Regra do Pedágio de 100%

  • Professoras:
  • 52 anos de idade
  • 25 anos de contribuição
  • Pedágio de 100% sobre o tempo que faltava em 13/11/2019
  • Professores:
  • 55 anos de idade
  • 30 anos de contribuição
  • Pedágio de 100% sobre o tempo que faltava em 13/11/2019

Para servidores públicos federais, permanecem as exigências de 20 anos no serviço público e 5 anos no cargo em que se der a aposentadoria.

 

Documentos necessários para comprovar o exercício da docência

Para fins previdenciários, os principais documentos são:

  • Carteira de Trabalho (CTPS);
  • CNIS (Cadastro Nacional de Informações Sociais);
  • Declaração da instituição de ensino;
  • Certidão de Tempo de Contribuição (CTC), nos casos de RPPS.

Não é exigida a apresentação de diploma de licenciatura, sendo suficiente a comprovação do exercício da função.

Não. Desde que o vínculo seja regular e corretamente registrado, todo o tempo de contribuição é preservado, independentemente da mudança de instituição.

 

Vale a pena se aposentar agora ou esperar?

A resposta depende da análise individual de cada caso. Em muitos cenários, aguardar alguns meses pode resultar em aumento expressivo no valor do benefício, especialmente nas regras de transição.

 

Como é calculado o valor da aposentadoria do professor?

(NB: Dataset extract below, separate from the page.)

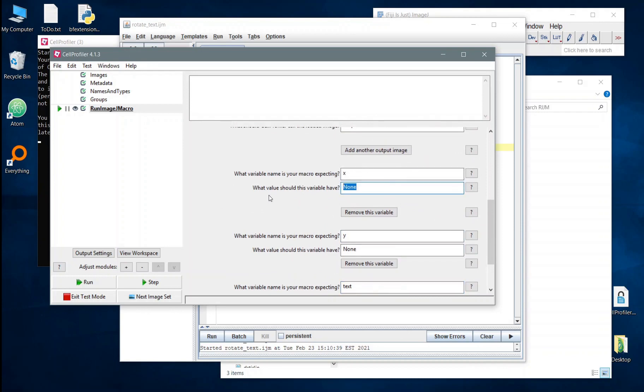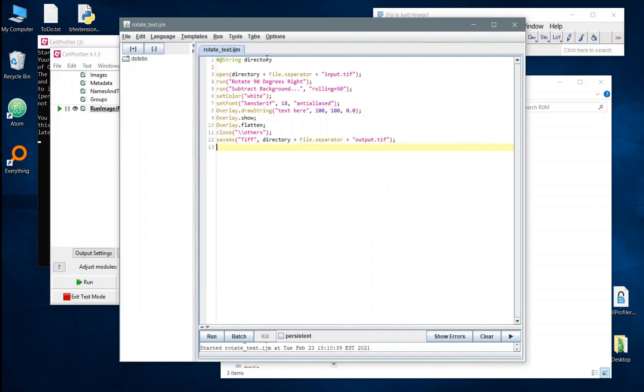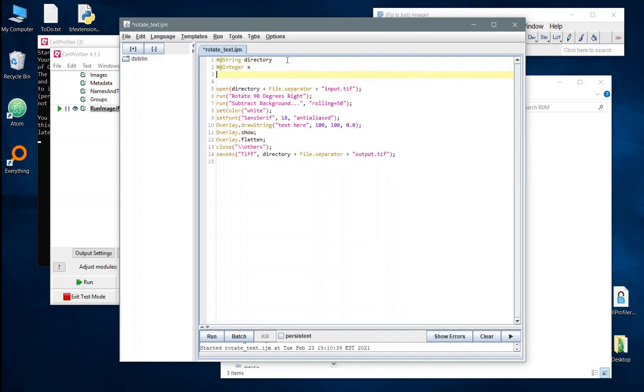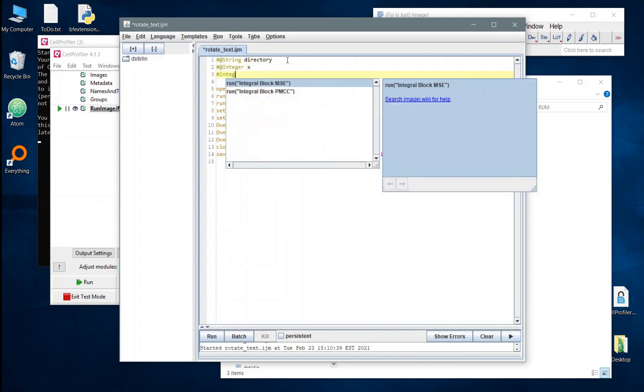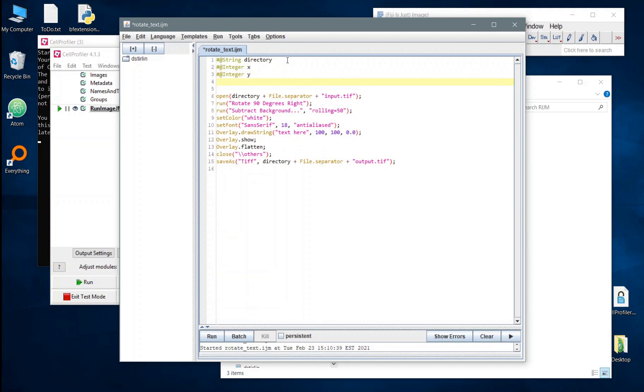Now these are obviously going to have to be numbers, but CellProfiler is probably going to deliver them as strings of text. And there we go. So we've got x, y, and text. And I'm going to want to add these up here with that string command there. So for x and y, we're probably going to want these to be considered as numbers. So we're going to call them integers.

Após a Reforma da Previdência, o cálculo passou a considerar:

  1. A média de 100% dos salários de contribuição, desde julho de 1994;
  2. A aplicação de um percentual inicial de 60%, com acréscimos DE 2% por ano do que exceder 15 anos de contribuição para as mulheres e 20 anos de contribuição para os homens.

 

Cálculo da aposentadoria para professores da iniciativa privada

  • Mulher: 60% + 2% por ano que exceder 15 anos de contribuição
  • Homem: 60% + 2% por ano que exceder 20 anos de contribuição

 

Cálculo da aposentadoria para professores da rede pública federal

  • Homens e mulheres: 60% + 2% por ano que exceder 20 anos de contribuição

Professores que ingressaram no serviço público até 31/12/2003 podem ter direito à integralidade (último salário da carreira) e paridade (mesmos reajustes dos servidores da ativa), conforme o caso.

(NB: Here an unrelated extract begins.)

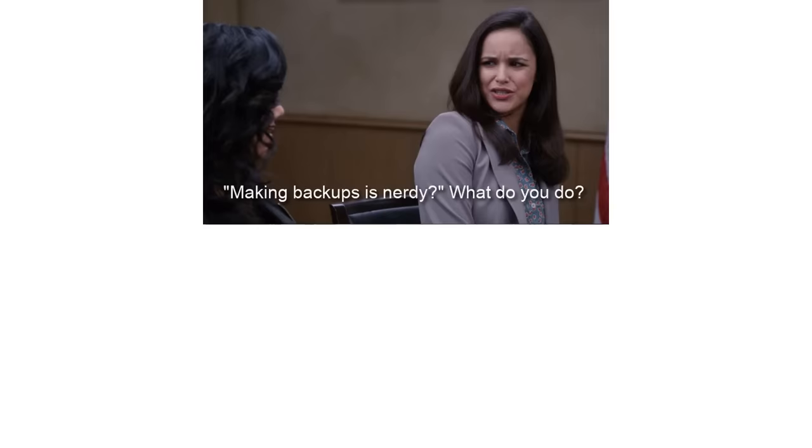Making backups is nerdy. What do you do? I just lose stuff like a cool person. This is the way.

É possível que o professor receba duas aposentadorias — uma pelo INSS e outra pelo RPPS — desde que tenha contribuído simultaneamente em regimes distintos, em vínculos diferentes (rede pública e privada).

 

A importância do planejamento previdenciário

Uma escolha inadequada da regra de aposentadoria pode gerar redução permanente no valor do benefício. O planejamento previdenciário permite identificar:

  • a regra mais vantajosa;
  • o melhor momento para requerer a aposentadoria;
  • a documentação correta para evitar indeferimentos.

Diante da complexidade das regras, a orientação de um advogado especialista em direito previdenciário é fundamental para garantir segurança jurídica e o melhor resultado financeiro.